Il a été ainsi directeur régional pour l’Afrique de l’Est de 2018 à 2021, et pour l’Afrique centrale de 2016-2018. Il a également été directeur de l’AFD en République démocratique du Congo de 2009 à 2013. Christian Yoka a dirigé des projets de développement au Kenya, en Ouganda et en Tanzanie. Avec ces expériences, le développement économique du Congo semble entre de bonnes mains. Il avait auparavant assumé divers postes de responsabilités, en tant que Responsable-pays pour le Cameroun et la République Centrafricaine, puis, tour à tour, Directeur-pays en République Démocratique du Congo, en Éthiopie et au Cameroun. Christian Yoka a également exercé divers mandats en tant qu'administrateur pour des entités telles qu’Alucam et Africa Guarantee Fund. En outre, il a présidé le Comité d'Investissement Consultatif du Fonds de Soutien aux Entreprises en Afrique (FISEA), géré par Proparco, la filiale du Groupe AFD dédiée au secteur privé.

Christian Yoka

Les défis à relever

Cependant, en prenant les rênes des finances publiques congolaises, Yoka est projeté sur un terrain miné, marqué par des tensions de trésorerie récurrentes, une dette importante et une dépendance au pétrole. Christian Yoka devra rapidement convaincre sur plusieurs fronts. Christian Yoka devra donc composer avec une économie marquée par des faiblesses structurelles. La nomination de Christian Yoka intervient à un moment où la République du Congo fait face à des défis économiques majeurs.

Troisième producteur de pétrole en Afrique subsaharienne, le Congo reste largement dépendant des recettes pétrolières, qui représentent environ 80% de ses revenus budgétaires et 63% de son PIB, selon les dernières estimations de S&P. Le secteur pétrolier, qui constitue la colonne vertébrale de l’économie congolaise, doit se faire accompagner par une diversification, notamment dans l’agriculture, les services et les industries extractives, a insisté le FMI.

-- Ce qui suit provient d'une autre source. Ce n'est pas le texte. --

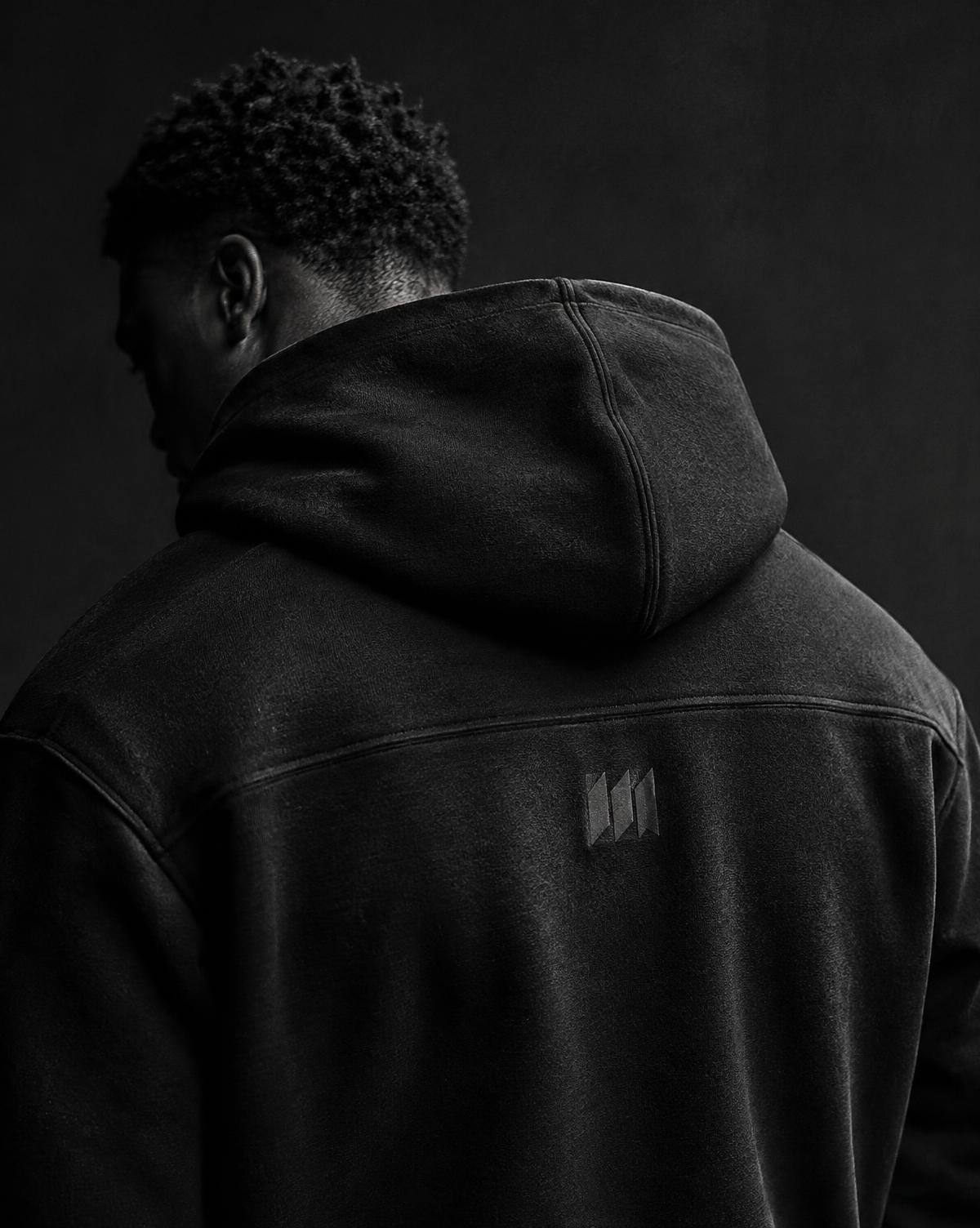 Close detail of TOP RANK black hooded garment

Fitch Ratings estime que le ratio dette publique/PIB atteindra 90,4% en 2024, bien au-dessus de la moyenne régionale de 71%, après avoir culminé à près de 100% fin 2023. En 2024, les autorités avaient dû procéder à un reprofilage de 2314 milliards FCFA (près de 4 milliards $) de dette intérieure (titres du Trésor libellés en monnaie locale), une opération qualifiée de « défaut technique » par Fitch, avant que la note souveraine ne soit relevée à « CCC ».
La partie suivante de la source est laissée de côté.